The right hardware for a transcoding farm isn't always a rack of A100s. For most workloads — HLS ladder generation, clip transcoding, live stream packaging — the NVIDIA Jetson Orin NX is the ideal building block: dedicated NVENC and NVDEC engines, low power draw, ARM64, and a price point that makes large clusters economically practical. PodWarden runs on ARM64 and manages Jetson nodes exactly like any other host.
The Hub catalog covers every supporting service the pipeline needs. If you already have S3, a job queue, or a monitoring stack, bring it. If you don't, everything is available.
What You Need
| Component | Bring your own | Or deploy from Hub |
|---|---|---|
| Object storage | AWS S3, GCS, Wasabi, MinIO already running | MinIO or RustFS — deploy to any node, exposes S3 API |
| Job queue | Redis, RabbitMQ, SQS, NATS | Redis or RabbitMQ — from the Hub catalog |
| Database | Existing PostgreSQL (for job tracking UI) | PostgreSQL — from Hub |
| Secrets | Vault, AWS Secrets Manager | Vault — from Hub |
| Monitoring | Existing Prometheus + Grafana | Prometheus + Grafana + DCGM Exporter |
| Container registry | Docker Hub, GHCR | Harbor or Gitea — needed if you maintain custom ARM64 worker images |
Stack Architecture
The Jetson Orin NX Advantage
The Jetson Orin NX is a system-on-module with dedicated hardware video engines that make it exceptional for transcoding:
| Feature | Orin NX 16GB | Why it matters |
|---|---|---|
| NVENC | 1× dedicated encode engine | H.264, H.265, AV1 hardware encode — zero CPU load |
| NVDEC | 1× dedicated decode engine | Hardware decode of input streams |
| CUDA cores | 1024 | Available for filters, scaling, color conversion |
| Power draw | 10–25W | Dense clusters without specialized power infrastructure |
| Architecture | ARM64 | Standard Linux, standard NVIDIA container runtime |
| Form factor | SoM (67.6 × 45 mm) | Compact carrier boards, rack-mount sleds |
The NVENC and NVDEC engines are independent of the CUDA cores — they run simultaneously without contention. A single Orin NX sustains multiple concurrent 1080p60 encode sessions while the CPU handles queue polling, format demuxing, and S3 upload.

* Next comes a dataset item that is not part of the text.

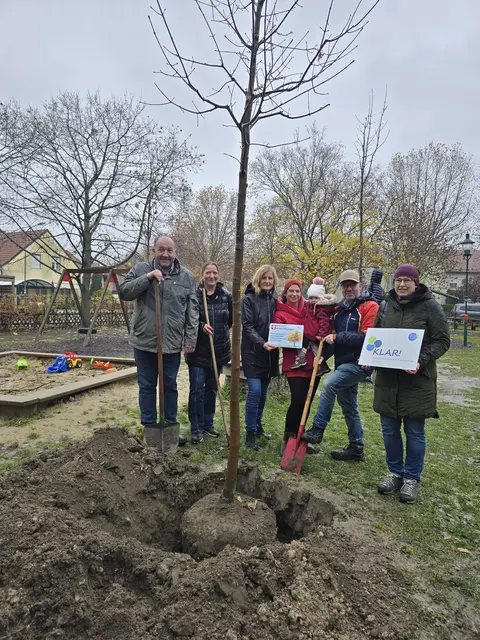 Langenzersdorfs Bürgermeister Andreas Arbesser (im Bild links) half bei der Aktion tatkräftig mit.  | Foto: Marktgemeinde Langenzersdorf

Because Orin NX modules are inexpensive, you can build clusters that would be cost-prohibitive with traditional GPU servers. A rack of Jetson nodes — each running two or three concurrent encode sessions — often outperforms a handful of A100 machines for this workload, at a fraction of the cost and power budget.
Jetson vs x86 Topology
Building the Foundation
Deploy supporting services before the transcoding workers. They're standard stacks — import from Hub, assign to your cluster, deploy.
Transcoding Pipeline Flow
1. Object Storage
Workers need to read source video and write encoded output. Register an existing S3 endpoint as a storage connection under Settings → Storage. PodWarden tests connectivity from all cluster nodes and injects credentials as environment variables at deploy time.
If you don't have S3 storage:
- MinIO — Import from Hub. Deploy to a node with fast disk (NVMe recommended for video I/O). Exposes a full S3 API; every other component treats it identically to AWS S3.
- RustFS — High-performance alternative, also S3-compatible. Better suited for high-throughput encode pipelines with many simultaneous workers.
Create two buckets: one for ingest (source files), one for output (encoded files).
2. Job Queue
Workers poll the queue for jobs, transcode, and report completion. Pick based on what you know:
- Redis — Simple, fast, widely supported. Import from Hub. Workers use
BLPOPor a queue library. - RabbitMQ — More durable, supports dead-letter queues for failed jobs. Better for high-volume pipelines where job loss is not acceptable.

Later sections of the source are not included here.